I describe myself often as the world's most conflicted and troubled Catholic. It is both crucial to me and also a system of theology that I'm continually wrestling with and wondering about and questioning. And I think all of Wiman's poems are so extraordinarily invested in what it means to be both faithful and doubting what it means to be both grateful and angry, what it means to be both loving and fragile, all of these convictions that anime our lives as artists, as people of faith. And he has in particular a poem called “Every Riven Thing,” which is a remarkable poem because the form of the poem essentially both stays the same and transforms over the course of the poem so that you reread the initial stance of the poem differently every time you really encounter it, which feels to me so much like being alive, right? Yes, we're having new and changing experiences, but we're coming back to the same fundamental realities about who we are and where we are. But every time we reconsider them, those realities change. And I think about that a lot in relationship to faith. I think about it a lot in relationship to teaching, and I think about it a lot just in relationship to being a person in a body in the world. And I'm so grateful, again, I think that the very first time I ever encountered his work was in Image, and his work has been such a lodestar for me. So yeah...
AC: No, same. I remember climbing this massive mountain earlier this year, and the book that I decided to with me on this multi-day trip was My Bright Abyss, and it was just strange—It was just a strange experience of being so aware of my body and my mortality and thinking about, because when you're just hiking, you're not thinking of anything. But what does it mean to be the person that I am, to be this person created the image of God, but to also just have sin and brokenness just floating all around. And then we would come back at night and I would read my Bright Abyss, and I don't know, it was…such…both an in body and out of body experience. I really need to just write to Chris Wiman and just say, thanks. Your work has been just so impactful. And yeah, you mentioned my write abyss in a couple of your essays, and yeah, I'm really grateful that you got to encounter him through Image's work. Yeah. Alright, so what new paths do you hope to take Image while at the helm?

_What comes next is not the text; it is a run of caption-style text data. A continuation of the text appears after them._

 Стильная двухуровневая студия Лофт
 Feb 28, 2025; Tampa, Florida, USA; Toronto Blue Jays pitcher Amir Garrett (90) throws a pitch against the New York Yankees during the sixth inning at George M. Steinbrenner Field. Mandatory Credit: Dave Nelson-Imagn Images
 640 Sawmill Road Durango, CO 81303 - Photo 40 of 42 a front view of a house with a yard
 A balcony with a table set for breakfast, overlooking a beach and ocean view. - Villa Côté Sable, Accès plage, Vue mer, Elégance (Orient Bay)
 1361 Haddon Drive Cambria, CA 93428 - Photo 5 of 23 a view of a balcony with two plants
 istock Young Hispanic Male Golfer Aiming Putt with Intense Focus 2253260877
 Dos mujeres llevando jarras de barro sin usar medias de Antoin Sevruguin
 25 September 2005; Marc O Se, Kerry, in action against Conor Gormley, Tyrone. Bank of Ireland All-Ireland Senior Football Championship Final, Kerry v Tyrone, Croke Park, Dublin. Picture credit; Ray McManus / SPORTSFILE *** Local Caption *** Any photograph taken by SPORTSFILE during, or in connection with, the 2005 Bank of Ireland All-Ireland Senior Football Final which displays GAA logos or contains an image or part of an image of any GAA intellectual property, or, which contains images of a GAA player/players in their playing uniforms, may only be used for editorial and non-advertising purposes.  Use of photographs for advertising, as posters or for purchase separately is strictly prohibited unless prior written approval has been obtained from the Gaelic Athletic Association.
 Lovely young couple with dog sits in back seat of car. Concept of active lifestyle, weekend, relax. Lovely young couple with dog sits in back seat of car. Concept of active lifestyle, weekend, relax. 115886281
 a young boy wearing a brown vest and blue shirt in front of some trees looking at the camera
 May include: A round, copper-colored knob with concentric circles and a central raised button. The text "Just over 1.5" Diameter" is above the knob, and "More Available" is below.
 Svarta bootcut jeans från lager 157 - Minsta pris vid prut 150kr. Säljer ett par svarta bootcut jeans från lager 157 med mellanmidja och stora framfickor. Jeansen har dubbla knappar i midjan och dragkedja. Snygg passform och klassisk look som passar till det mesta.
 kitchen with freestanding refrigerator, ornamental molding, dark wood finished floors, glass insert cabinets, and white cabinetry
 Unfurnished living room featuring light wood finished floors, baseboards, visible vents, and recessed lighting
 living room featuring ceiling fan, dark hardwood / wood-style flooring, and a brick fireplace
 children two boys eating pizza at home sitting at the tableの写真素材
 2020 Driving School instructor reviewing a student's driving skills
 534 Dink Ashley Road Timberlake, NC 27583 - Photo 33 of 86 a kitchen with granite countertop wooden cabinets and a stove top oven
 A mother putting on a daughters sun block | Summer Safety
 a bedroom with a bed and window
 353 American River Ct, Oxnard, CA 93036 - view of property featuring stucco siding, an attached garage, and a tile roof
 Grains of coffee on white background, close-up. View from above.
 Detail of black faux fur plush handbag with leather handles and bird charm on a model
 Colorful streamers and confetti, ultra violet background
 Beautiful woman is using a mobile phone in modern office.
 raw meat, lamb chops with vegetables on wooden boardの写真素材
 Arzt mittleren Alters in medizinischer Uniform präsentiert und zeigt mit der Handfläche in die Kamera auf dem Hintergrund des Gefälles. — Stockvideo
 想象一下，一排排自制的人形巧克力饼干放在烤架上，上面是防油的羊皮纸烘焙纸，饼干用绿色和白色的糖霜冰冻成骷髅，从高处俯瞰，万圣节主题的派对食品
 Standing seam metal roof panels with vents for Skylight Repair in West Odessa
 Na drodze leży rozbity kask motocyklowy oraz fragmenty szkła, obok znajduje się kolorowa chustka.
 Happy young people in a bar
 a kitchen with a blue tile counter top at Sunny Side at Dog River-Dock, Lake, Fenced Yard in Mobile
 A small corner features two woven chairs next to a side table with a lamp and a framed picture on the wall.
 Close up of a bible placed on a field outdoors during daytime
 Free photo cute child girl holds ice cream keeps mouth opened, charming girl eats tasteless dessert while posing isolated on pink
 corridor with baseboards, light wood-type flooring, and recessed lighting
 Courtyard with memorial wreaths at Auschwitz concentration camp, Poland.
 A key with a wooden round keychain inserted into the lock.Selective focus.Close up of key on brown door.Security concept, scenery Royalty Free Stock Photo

MMB: Yeah, I mean, I think I said this in my little introductory letter to the community, but I think the thing that I mostly hope that we can do is build on the long tradition of community and complexity that has always characterized Image. This ability to have moments of tension and disagreement, animate things. This ability to have moments of just absolute gratitude and awe animate things, and the ability for awe and wonder and joy to coexist with anger and pain and difficulty and brokenness. And I hope to sort of build on that foundation while also just diversifying our roster of contributors and the shapes of the stories that we tell. I mean, I think that anytime you introduce a new voice into a conversation, a new person into a community, the thing that can happen is that community can get larger, wild, or weirder, more expansive.
And one of the things that we talked a lot about as I was interviewing for this position and sort of imagining what it would be like to do it is just wanting to just have as many access points as possible for folks to what Imag is and what it does both in the journal and on the page and beyond. And so if I hope that my tenure here is characterized by anything, I hope that is characterized by Image just becoming a bigger and bigger tent with more and more space to think through some of the things that are most urgent, but also maybe most difficult and fraught and complicated about our world right now together in an inclusive way.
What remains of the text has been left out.